→ Try it
Leave out every picture and set down, exactly, the lines below from the one holding "Lastekirjanduse hommik Estonia" up to and including the one holding "Chery Fengyun A9L 2025".

=== Records for this exercise ===

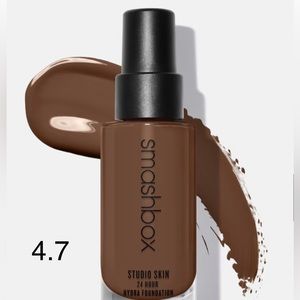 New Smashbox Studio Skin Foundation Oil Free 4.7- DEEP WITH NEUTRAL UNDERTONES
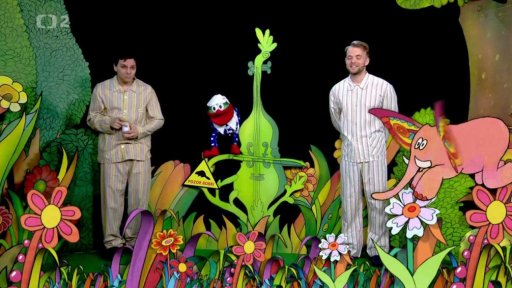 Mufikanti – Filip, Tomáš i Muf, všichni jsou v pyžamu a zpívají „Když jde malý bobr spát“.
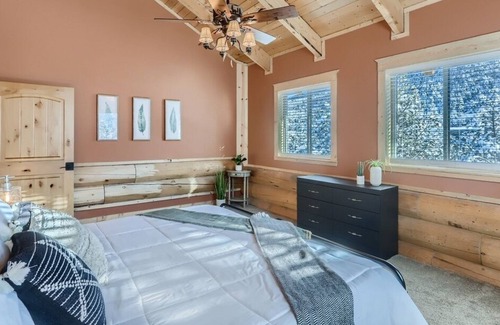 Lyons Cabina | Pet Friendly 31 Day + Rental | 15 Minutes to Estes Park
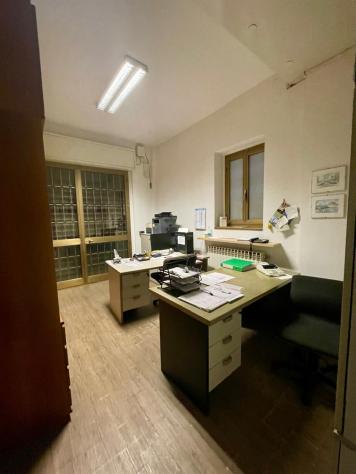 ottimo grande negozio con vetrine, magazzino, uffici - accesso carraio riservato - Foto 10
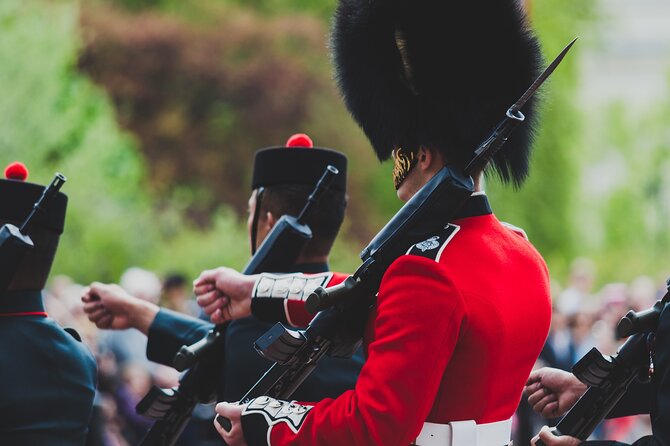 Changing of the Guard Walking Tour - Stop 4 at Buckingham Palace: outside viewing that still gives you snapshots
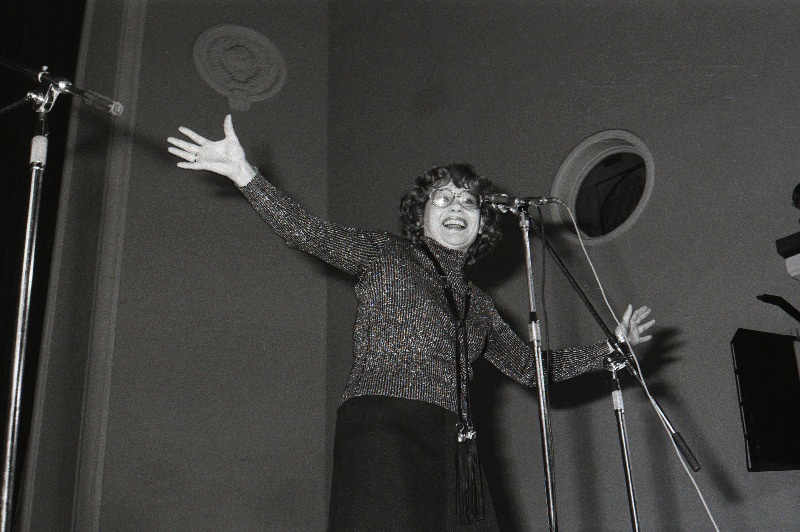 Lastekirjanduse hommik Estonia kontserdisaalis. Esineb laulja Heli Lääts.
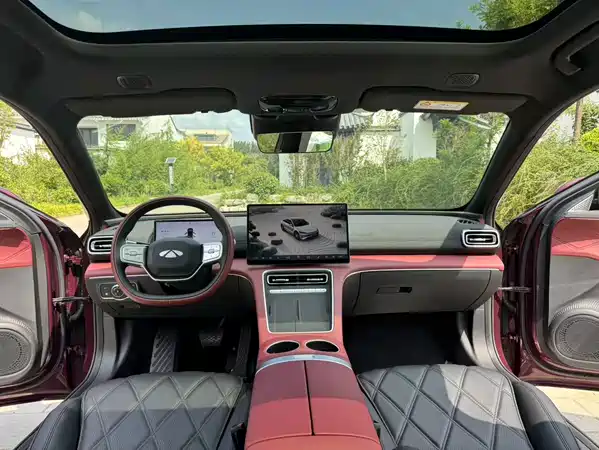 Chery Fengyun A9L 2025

===
=== Records for this exercise ===

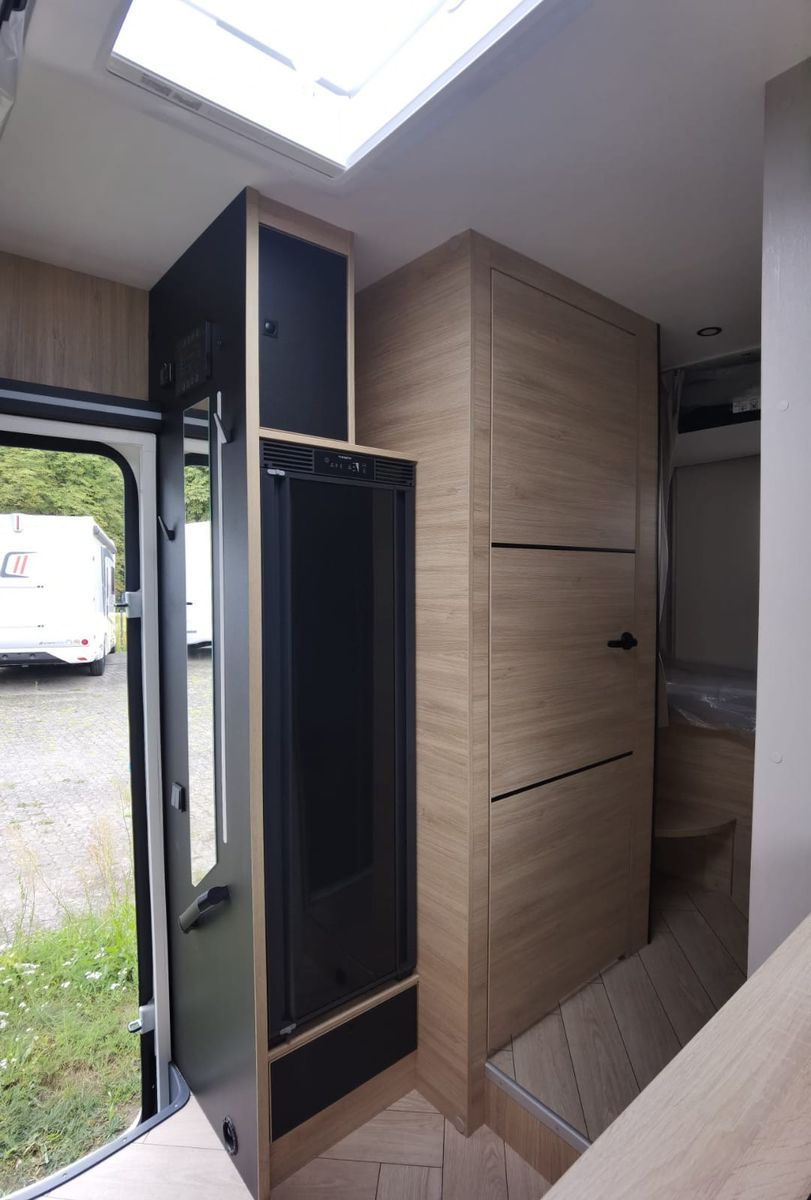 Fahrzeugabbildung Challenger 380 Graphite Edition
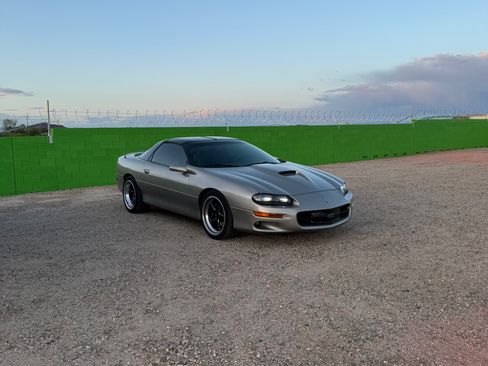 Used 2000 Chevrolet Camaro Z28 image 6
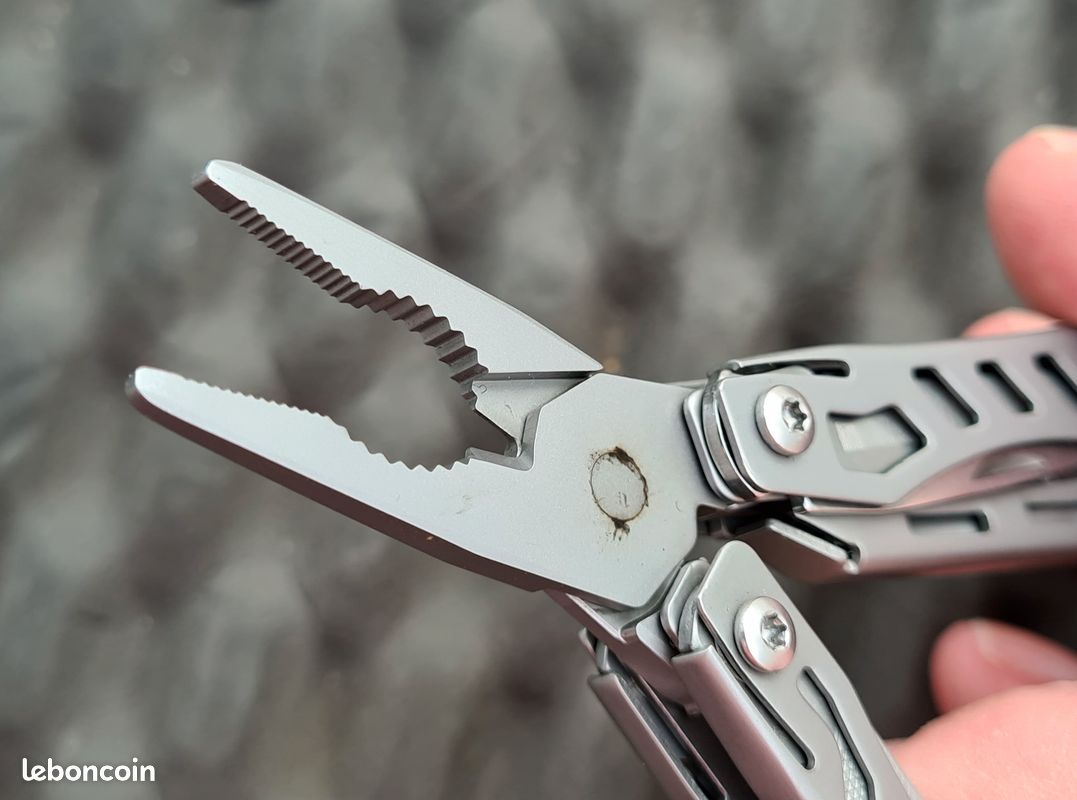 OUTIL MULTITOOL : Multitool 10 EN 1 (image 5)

===

→ Task output
 Lastekirjanduse hommik Estonia kontserdisaalis. Esineb laulja Heli Lääts.
 Chery Fengyun A9L 2025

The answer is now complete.